* [EXERCISE DIRECTIONS]: Among the entries below, which lines run from the line with "Life Interiors Mayfair" through the line with "Spectacular Aerial View"? Retype those, both ends included, exactly and without pictures.

* [DATA SHOWN]:
★ ★ ★ ★ ★

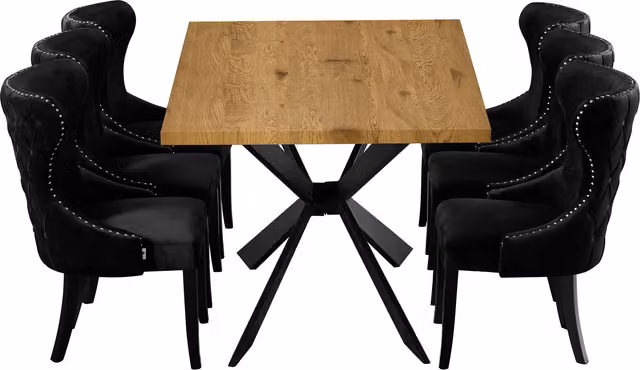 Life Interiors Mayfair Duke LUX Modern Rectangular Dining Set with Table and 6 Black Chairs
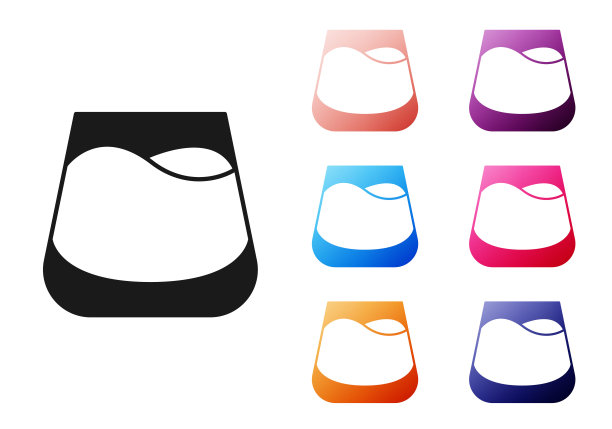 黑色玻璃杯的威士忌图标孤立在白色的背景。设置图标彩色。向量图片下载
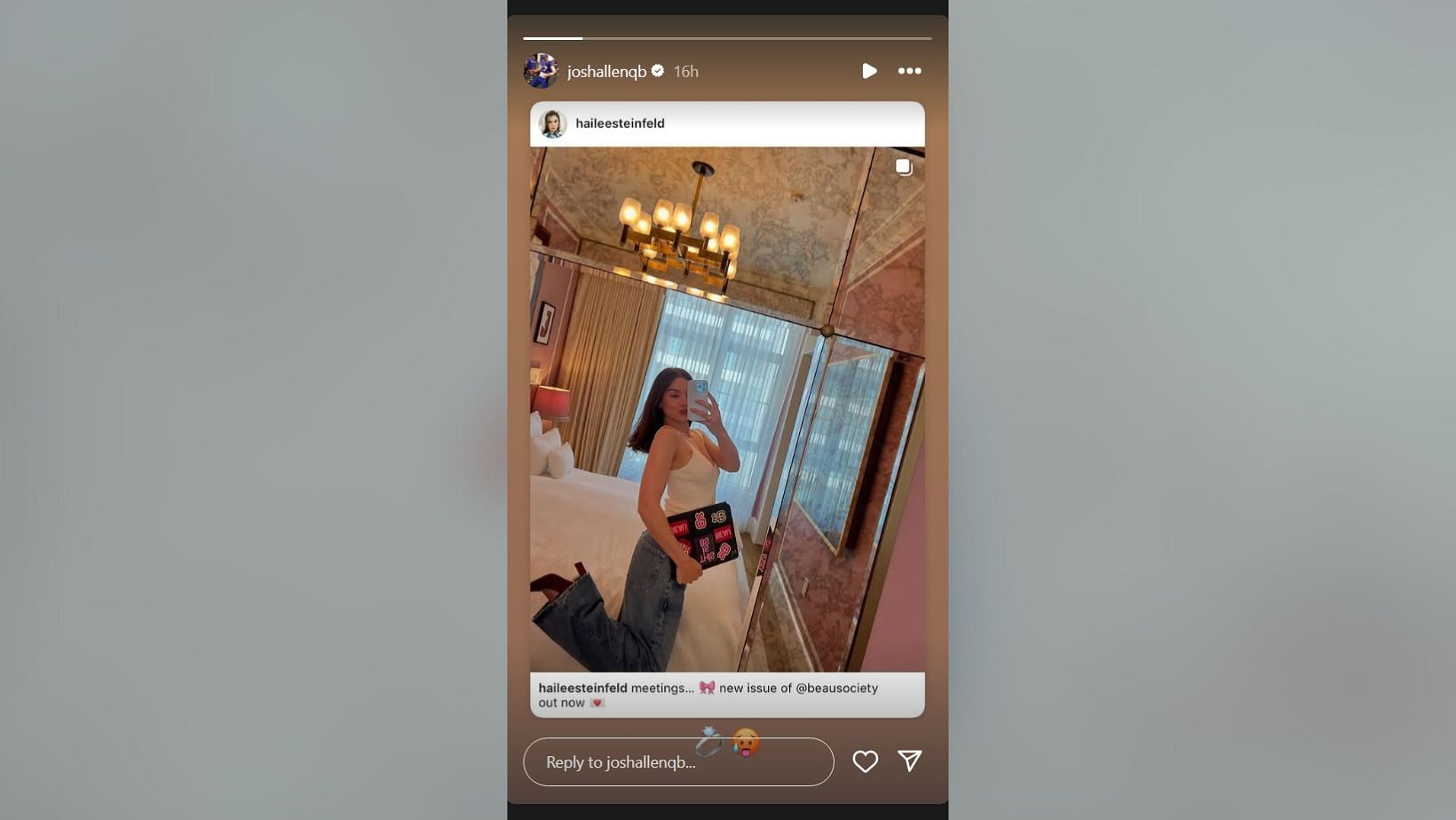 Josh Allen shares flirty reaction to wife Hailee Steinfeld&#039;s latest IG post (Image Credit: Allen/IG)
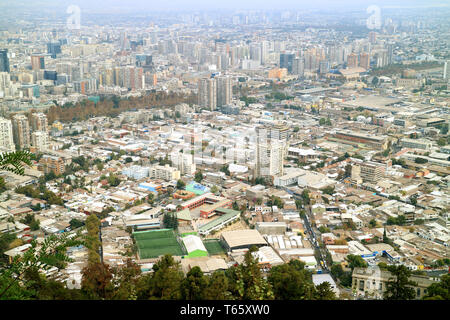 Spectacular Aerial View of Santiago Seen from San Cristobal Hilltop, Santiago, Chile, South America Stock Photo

★ ★ ★ ★ ★

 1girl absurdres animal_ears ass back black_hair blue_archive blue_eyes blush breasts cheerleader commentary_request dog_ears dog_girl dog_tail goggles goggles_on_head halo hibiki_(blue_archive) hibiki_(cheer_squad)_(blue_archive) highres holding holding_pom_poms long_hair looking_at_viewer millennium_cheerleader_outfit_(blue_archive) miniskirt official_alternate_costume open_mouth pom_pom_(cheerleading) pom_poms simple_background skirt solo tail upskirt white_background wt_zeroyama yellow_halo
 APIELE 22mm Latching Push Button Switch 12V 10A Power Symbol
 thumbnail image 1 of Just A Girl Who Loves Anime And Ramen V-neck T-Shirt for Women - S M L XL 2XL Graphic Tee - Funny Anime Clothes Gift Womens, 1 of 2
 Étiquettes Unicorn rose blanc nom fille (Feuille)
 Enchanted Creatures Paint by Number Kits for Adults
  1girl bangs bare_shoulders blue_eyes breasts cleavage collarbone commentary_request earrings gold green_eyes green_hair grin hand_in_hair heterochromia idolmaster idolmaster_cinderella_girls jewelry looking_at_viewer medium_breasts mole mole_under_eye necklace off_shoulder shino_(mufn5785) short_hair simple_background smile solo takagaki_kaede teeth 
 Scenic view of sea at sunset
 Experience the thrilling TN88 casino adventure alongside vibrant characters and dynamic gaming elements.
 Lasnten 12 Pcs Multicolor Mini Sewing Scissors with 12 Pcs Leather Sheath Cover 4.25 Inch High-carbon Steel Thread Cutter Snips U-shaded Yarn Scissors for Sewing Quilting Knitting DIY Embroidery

★ ★ ★ ★ ★

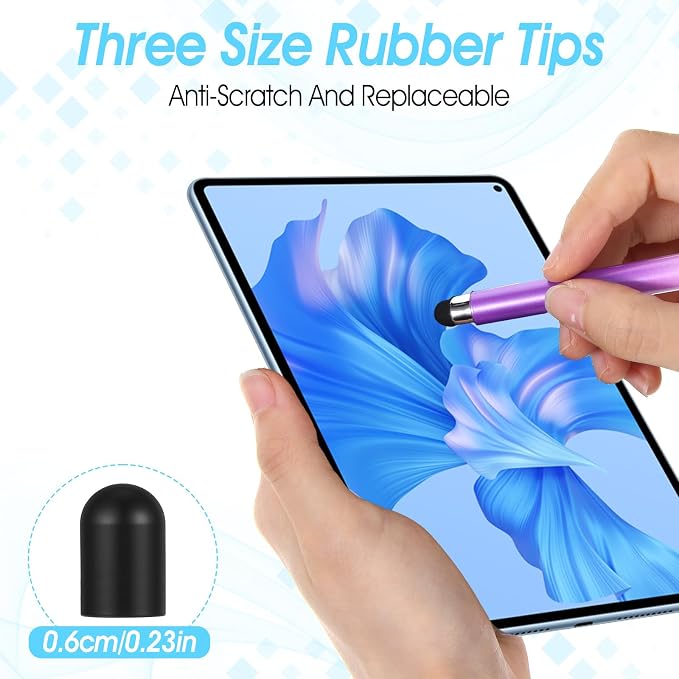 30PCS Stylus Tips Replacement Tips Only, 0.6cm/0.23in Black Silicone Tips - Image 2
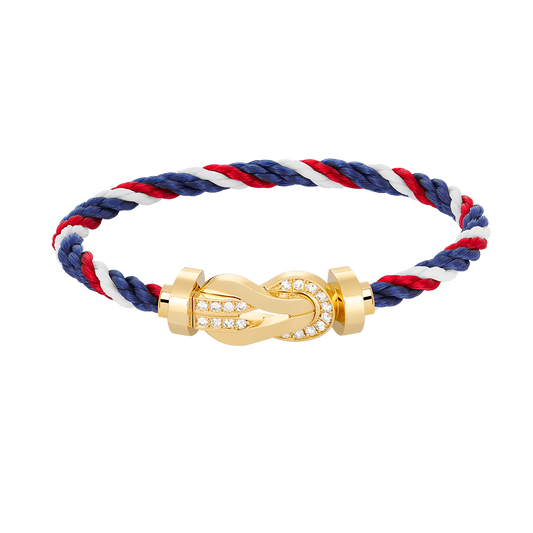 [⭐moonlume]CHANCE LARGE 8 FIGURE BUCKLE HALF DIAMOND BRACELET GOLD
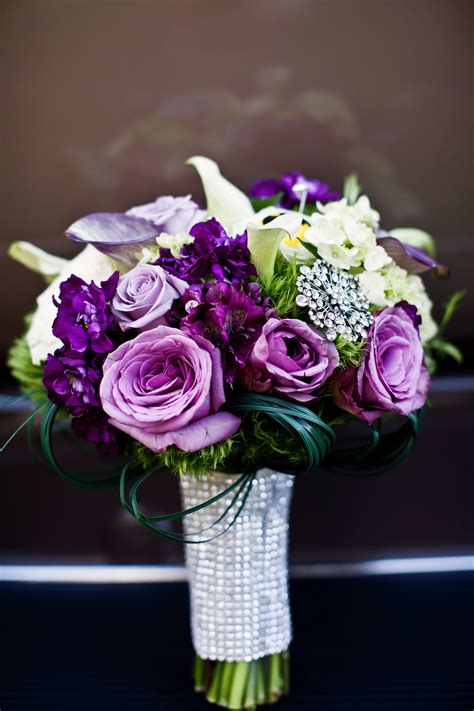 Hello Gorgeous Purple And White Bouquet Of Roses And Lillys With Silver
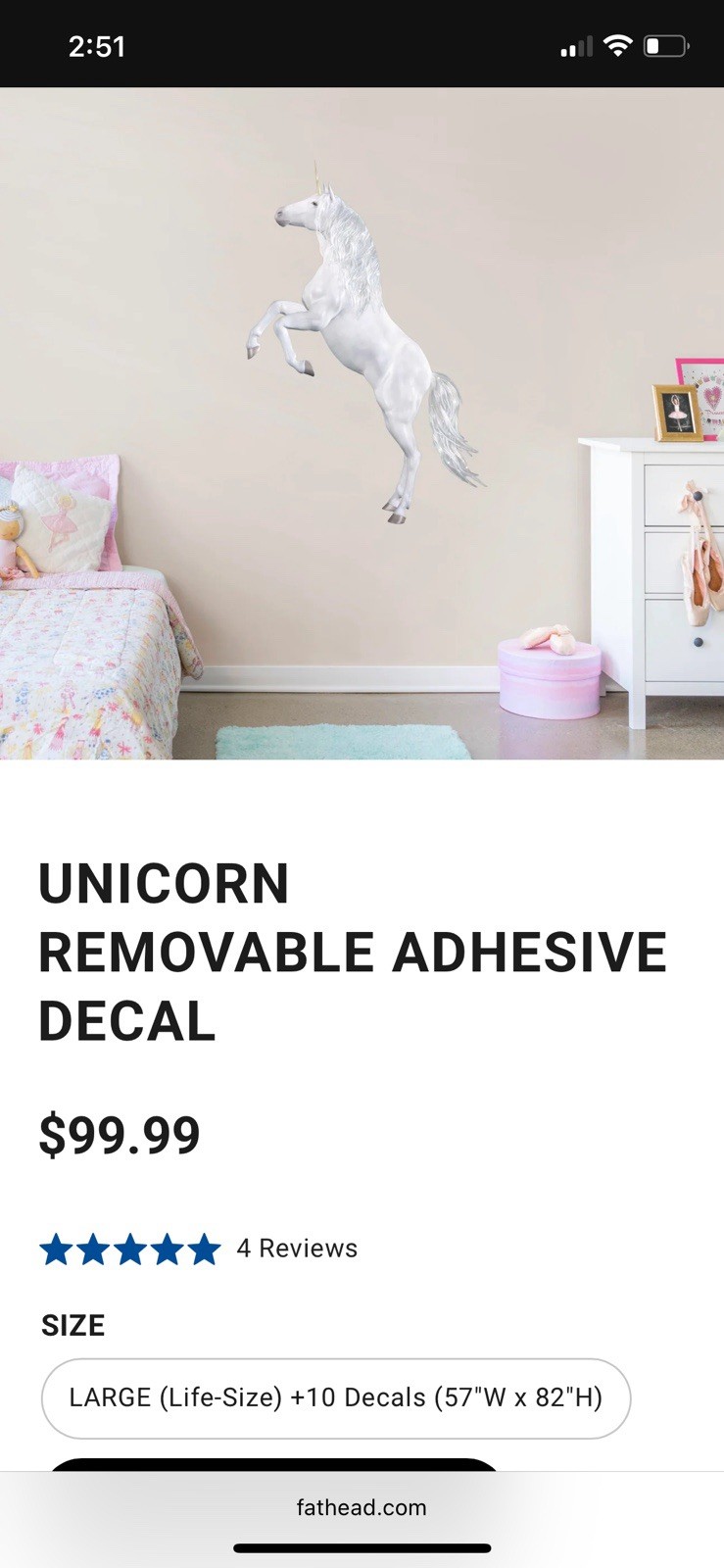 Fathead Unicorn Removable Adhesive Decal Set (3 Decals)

★ ★ ★ ★ ★

* [ANSWER TO THIS TASK]:
 Life Interiors Mayfair Duke LUX Modern Rectangular Dining Set with Table and 6 Black Chairs
 黑色玻璃杯的威士忌图标孤立在白色的背景。设置图标彩色。向量图片下载
 Josh Allen shares flirty reaction to wife Hailee Steinfeld&#039;s latest IG post (Image Credit: Allen/IG)
 Spectacular Aerial View of Santiago Seen from San Cristobal Hilltop, Santiago, Chile, South America Stock Photo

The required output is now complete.